22C:030/115 Computer Science III

    Fall 2001

    Homework Assignment 5: Hashing, Heaps, and Sorting

    For this assignment, you may work in groups of size 2 or 3. Everyone in the group is expected to contribute to and understand every answer.

    DUE DATE: 12/12/01 (60 points) 


  1. Consider the problem of finding the kth largest value for a sequence of keys values stored in an array. One way to do this is to first sort the array Data[0],...,Data[n-1] and then return Data[k-1]. This does more work than is necessary. Write an algorithm using the quicksort partitioning scheme to find the kth largest value. At each step you will either find the kth value, or determine that it is in either the left or the right partitions. Subsequent calls should only focus on the part of the array in which the value is known to be. Your function should return the kth largest value.

  2.  

     

  3. Write the status of the following arrary at the end of each phase of the following algorithms;

  4.  

     

    1. insertion sort
    2. quick sort (with partitioning based on the first entry)
    3. merge sort
    4. heap sort

    5.  

       

    Data[ ] = [30, 62, 7, 35, 90, 19, 38, 79, 24, 11, 43]
     
  5. Draw a hash table of size 13. Use double hashing to insert the keys 10, 2, 46, 37, 26, 78, 49, and 59 into the table. Use the hash function "k%13" to computer the home address of a key and the function "k%11" for rehashing.
  6.  
  7. Write an efficient algorithm for deleting an item at location i from a max heap having n elements in it. Your algorithm should produce a max heap with n-1 elements. Assume the heap is stored in data[0], data[1],...,data[n-1]. You can assume the following functions are already defined and use them in your function:
  8.   shiftdown(int data[], size_t pos, size_t n)
    
         Shift the element in data[pos] down through the heap of size n
         until the heap constraint is satisfied.
    
    
      shiftup(int data[], size_t pos, size_t n)
    
         Shift the element in data[pos] up through the heap until the
         heap constraint is satisfied.
    
    
     
  9. You are hired as a consultant to advise a client on the design of software for a driving simulator. The simulator simulates traffic flow on a race track. For the purpose of this problem, assume that all vehicles travel in the same direction and that the track contents is fixed (i.e. no cars leave the track and no new cars enter the track). However, the relative order of vehicles on the track can change as cars periodically pass one another.
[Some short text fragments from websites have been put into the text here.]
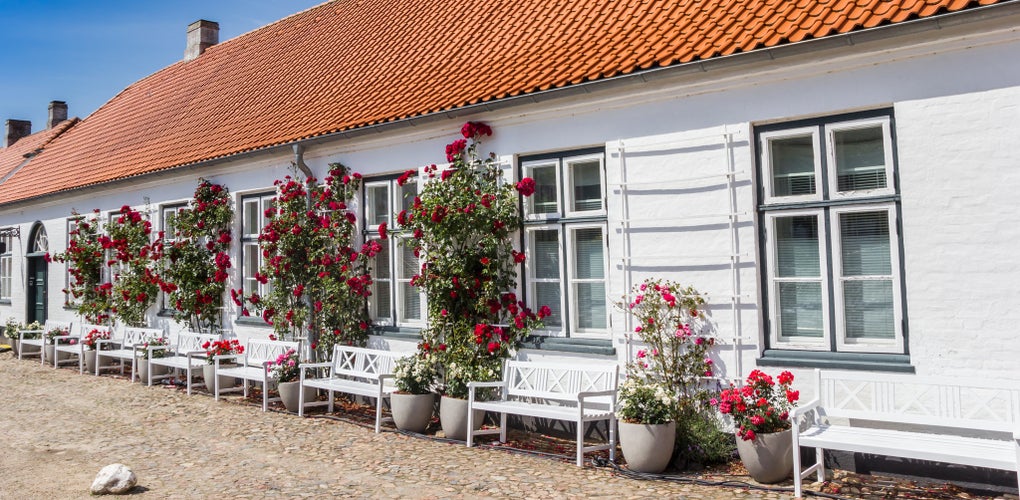 Photo of Panorama of the courtyard of historic castle Glucksburg in Germany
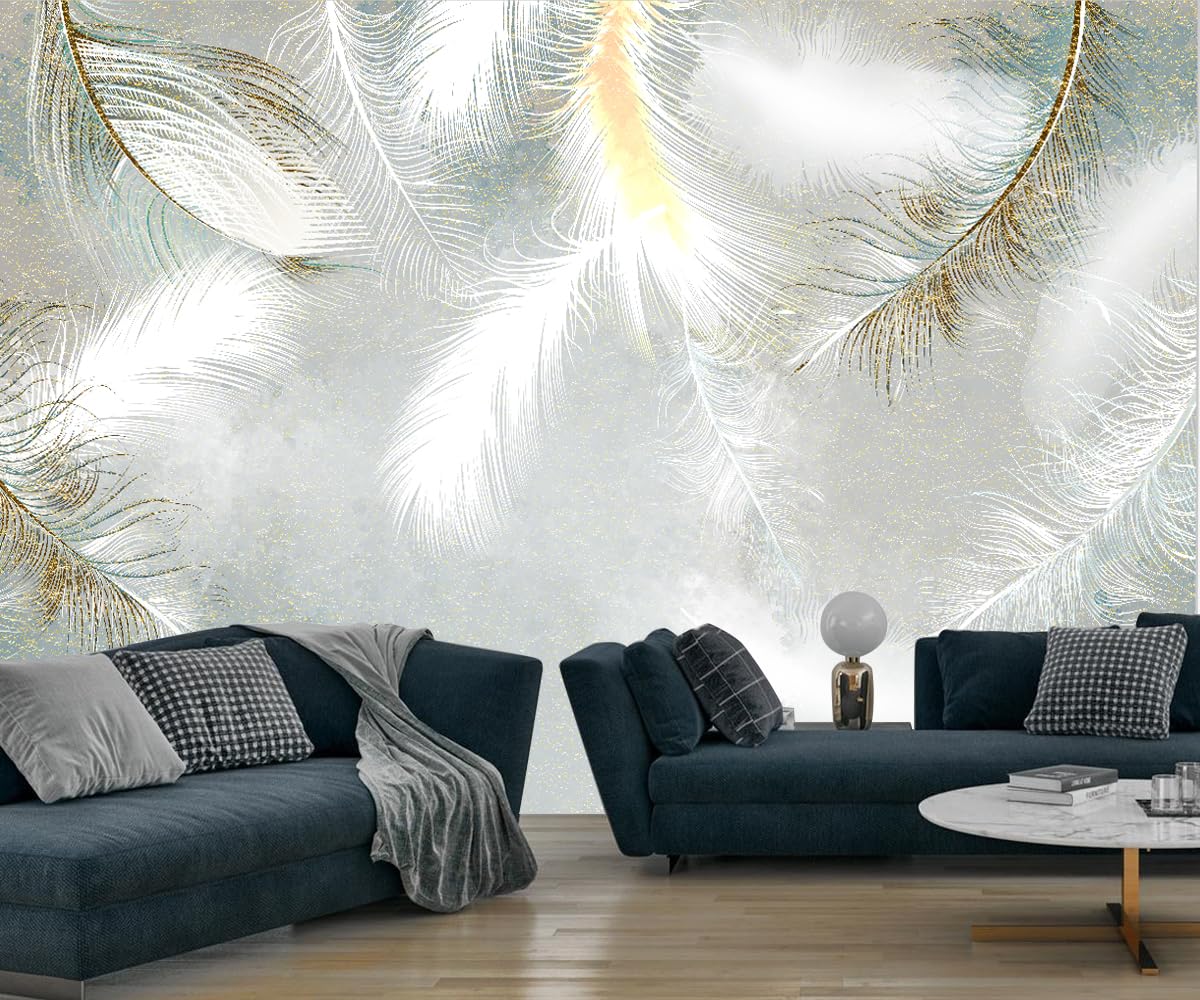 Papier Peint Panoramique 3D Soie, 356 x 250 cm Plume Blanche Simple Grandes Murales Poster, Tapisserie Panoramique pour Salon, Adulte Chambre d'enfants Décoration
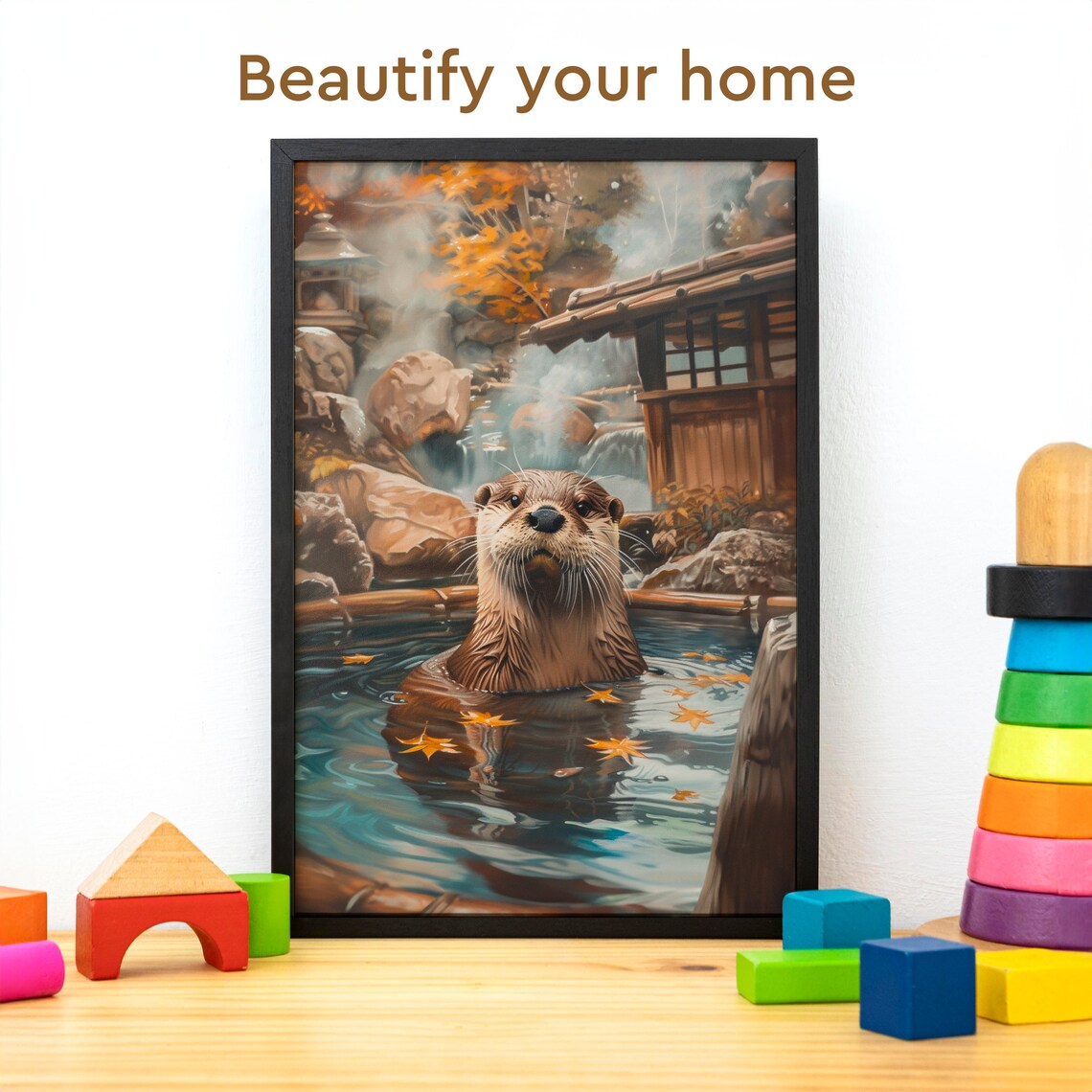Japanese Hot Spring Otter, Funny Wildlife Art Print - Image 3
  10. Cars are to be stored in an vector V. To simplify queries about the spatial relationships among cars, this array must be maintained in sorted order based on car mileage (i.e. distance from the starting line.) On each step of the simulation, car mileage is updated and the array must be re-sorted. It is important that the sorting time be as small as possible.

    You must compare two sorting methods: the standard template library sort function and an insertion sort function that you must code. Your assignment is to assess run times for the two sorting methods under the condition that adjacent values change order with some probability p. The vector to be sorted, V, will contain integers. Initially, create a sorted vector by setting V[i] = i. Then jumble the vector by swapping adjacent values with probability p. You should consider three values of p ( .001, .01, and .1) and six different vector sizes (10, 50, 100, 500, 1000, 5000). A demonstration program is available here.

    The Unix operating system provides a useful means to measure execution time through the time command:

                         %time command

    This statement will print a report on the execution time and system resources used to run the command command. The exact form of the report varies across our Unix platforms. You should read the manual page on your machine for a description of the output format. You should compare user times in your assessment.

    The precision with which time is measured also depends on the the machine you use. The accuracy is no worse that 100Hz. This means that you cannot accurately measure the execution time for commands that take less that .01 seconds to run. To be sure that your error is less that 5%, the time to execute a command must be greater than .20 seconds. This means that you must repeatedly sort small vectors until the total sorting time is greater than .20 seconds. You must then divide the total time by the number of times the vector was sorted.